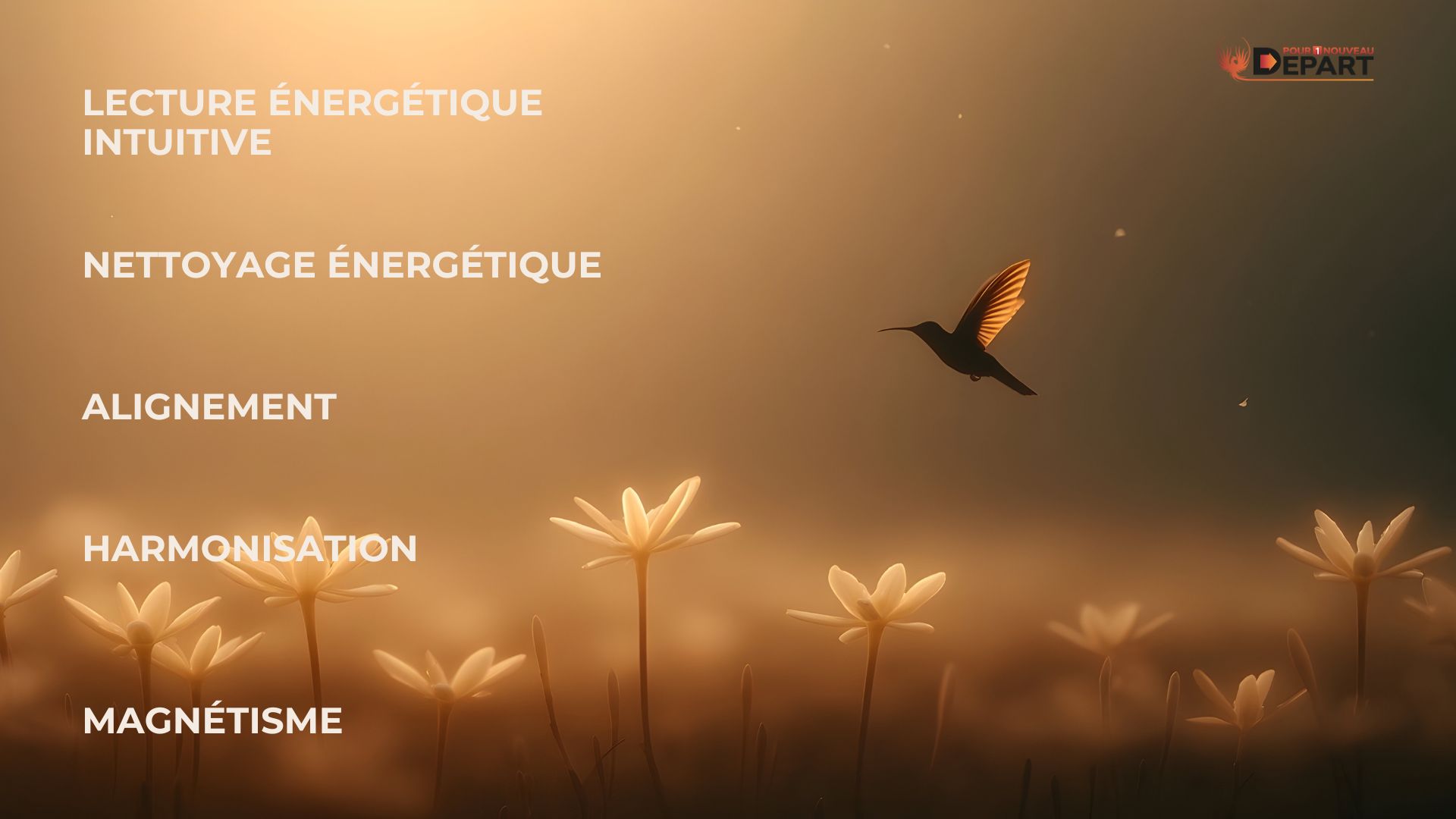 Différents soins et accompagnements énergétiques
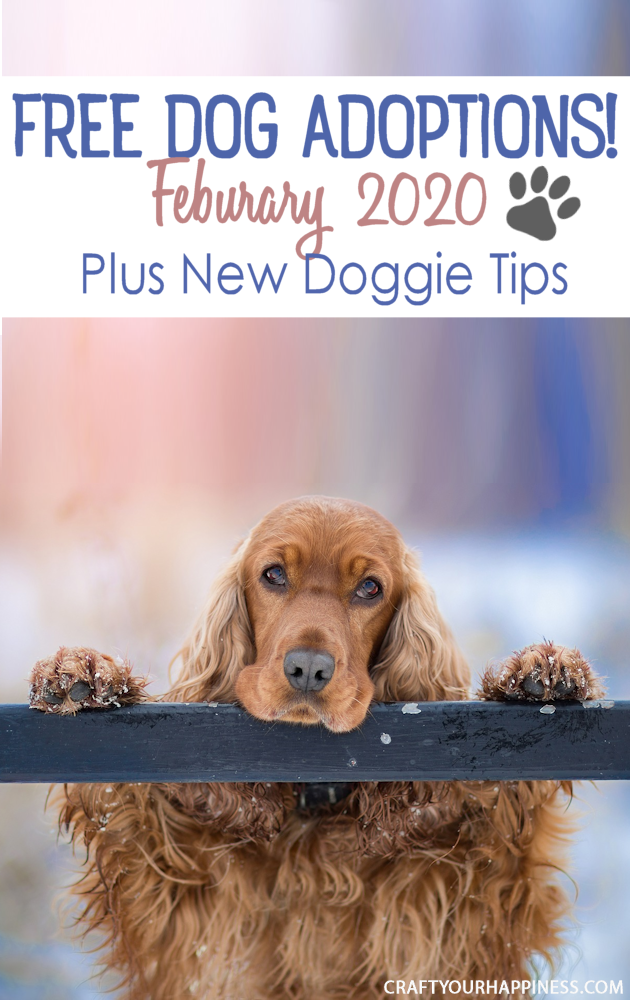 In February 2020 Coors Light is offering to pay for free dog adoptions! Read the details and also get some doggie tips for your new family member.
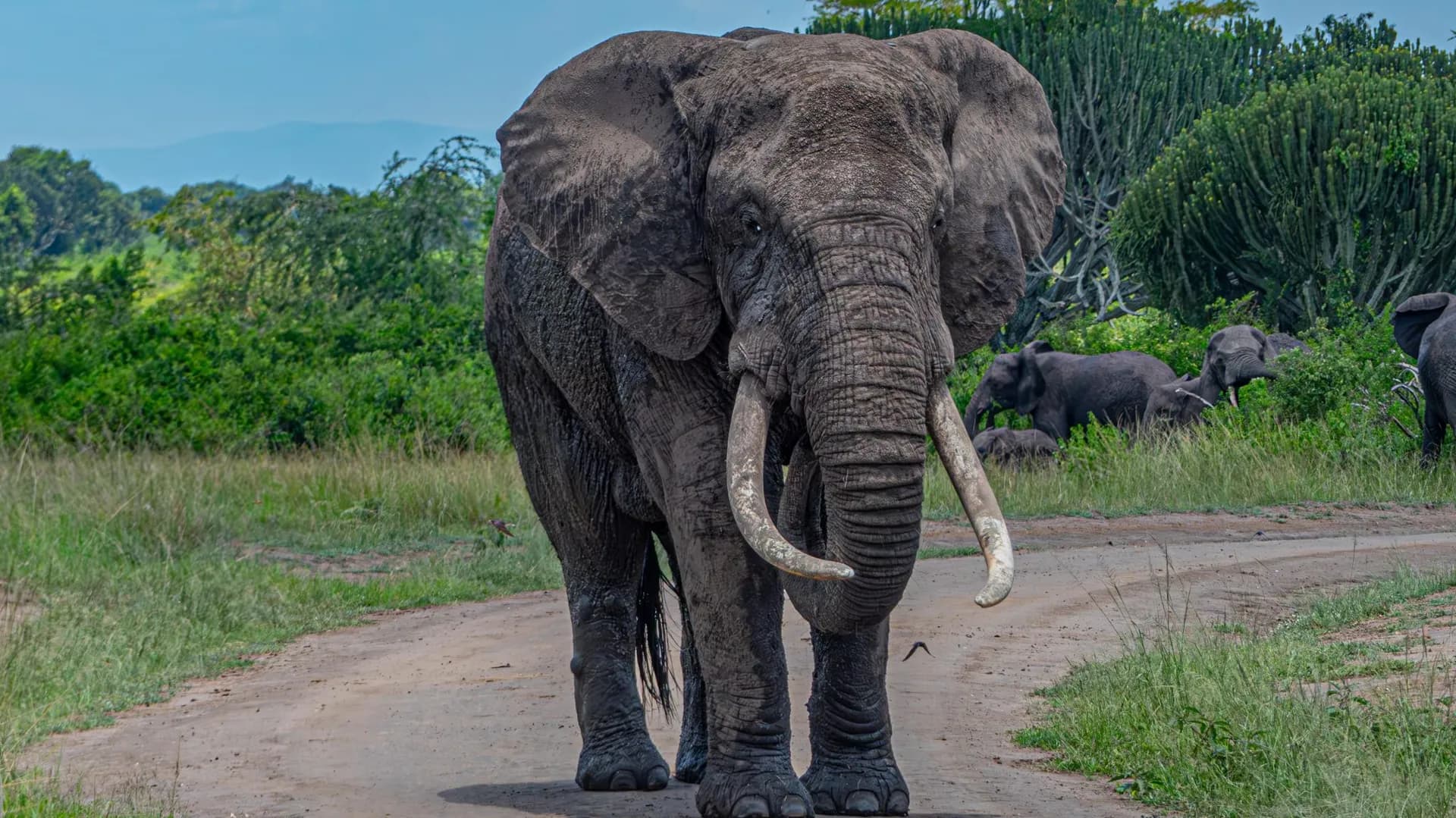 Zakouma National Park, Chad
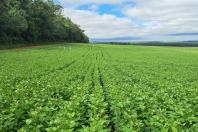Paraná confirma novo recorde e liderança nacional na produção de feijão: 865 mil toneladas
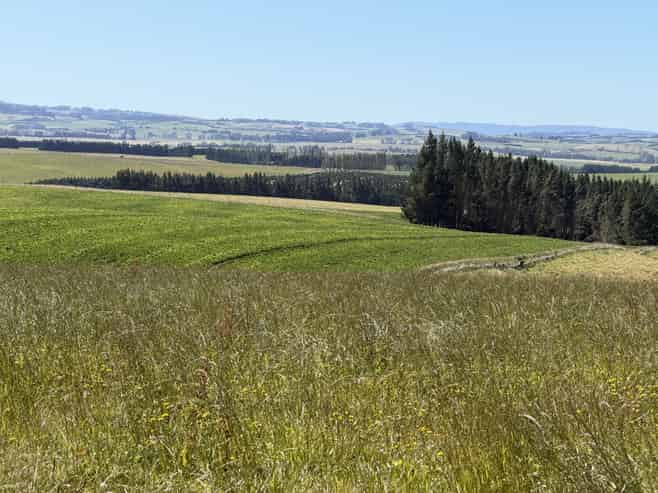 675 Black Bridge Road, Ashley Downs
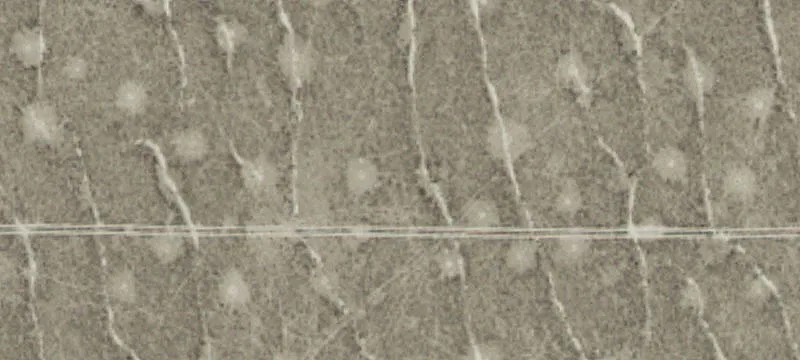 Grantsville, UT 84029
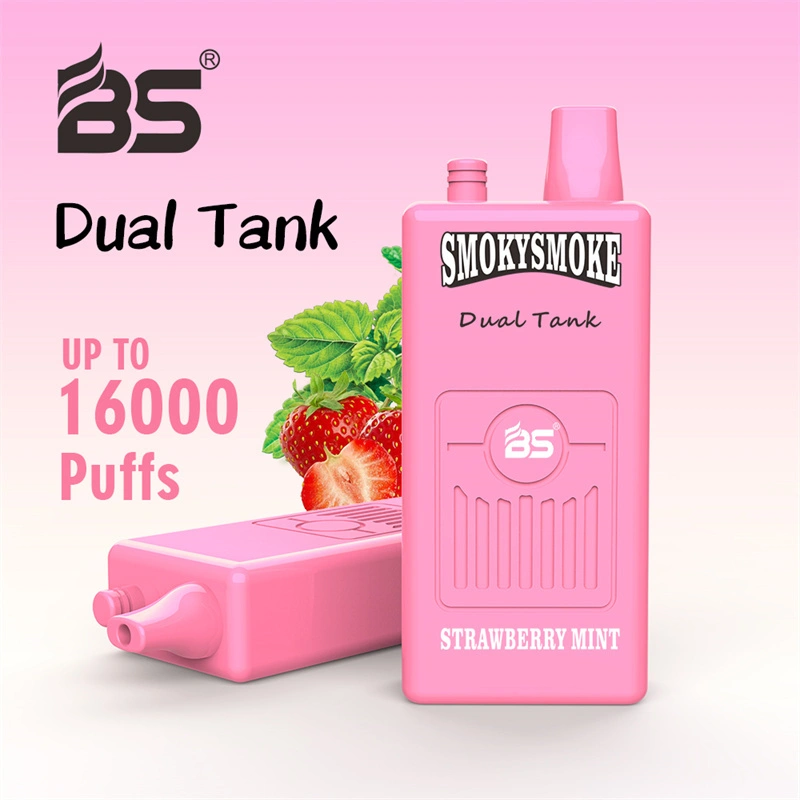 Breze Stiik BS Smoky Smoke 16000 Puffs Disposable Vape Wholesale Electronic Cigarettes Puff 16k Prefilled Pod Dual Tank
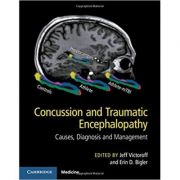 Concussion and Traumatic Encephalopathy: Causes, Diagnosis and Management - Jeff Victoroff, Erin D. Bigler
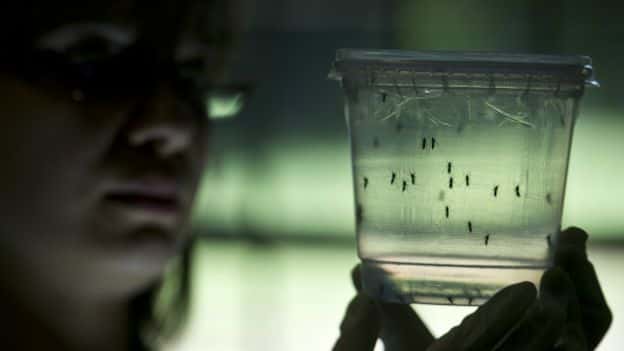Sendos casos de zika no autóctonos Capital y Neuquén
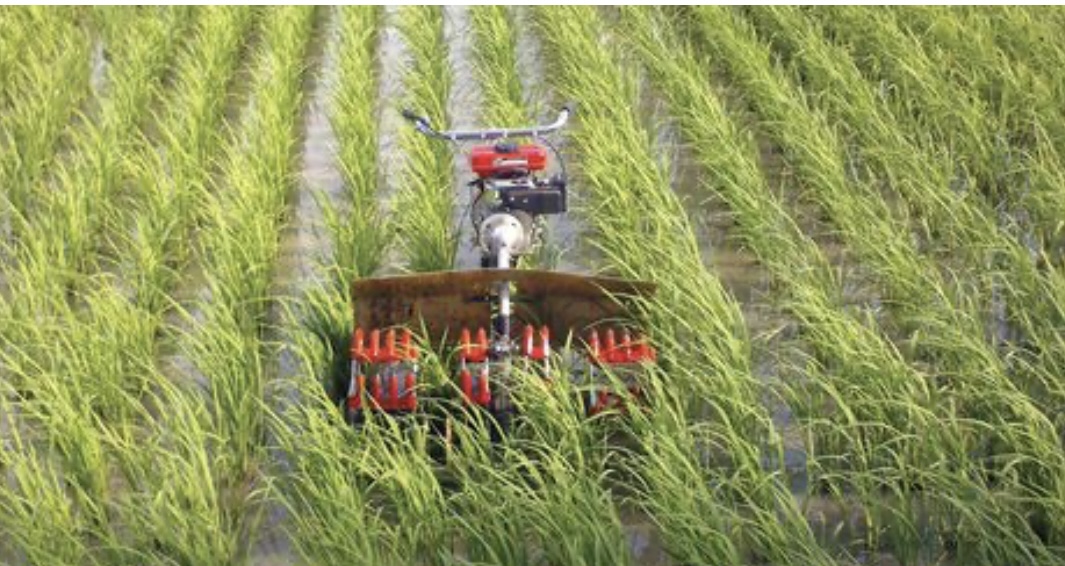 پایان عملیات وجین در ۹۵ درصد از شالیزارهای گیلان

### Problem statement
Leaving all pictures out, output exactly the lines of the material above from the line with "Zakouma National Park, Chad" to the line with "Breze Stiik BS", both included.

### Task answer
 Zakouma National Park, Chad
Paraná confirma novo recorde e liderança nacional na produção de feijão: 865 mil toneladas
 675 Black Bridge Road, Ashley Downs
 Grantsville, UT 84029
 Breze Stiik BS Smoky Smoke 16000 Puffs Disposable Vape Wholesale Electronic Cigarettes Puff 16k Prefilled Pod Dual Tank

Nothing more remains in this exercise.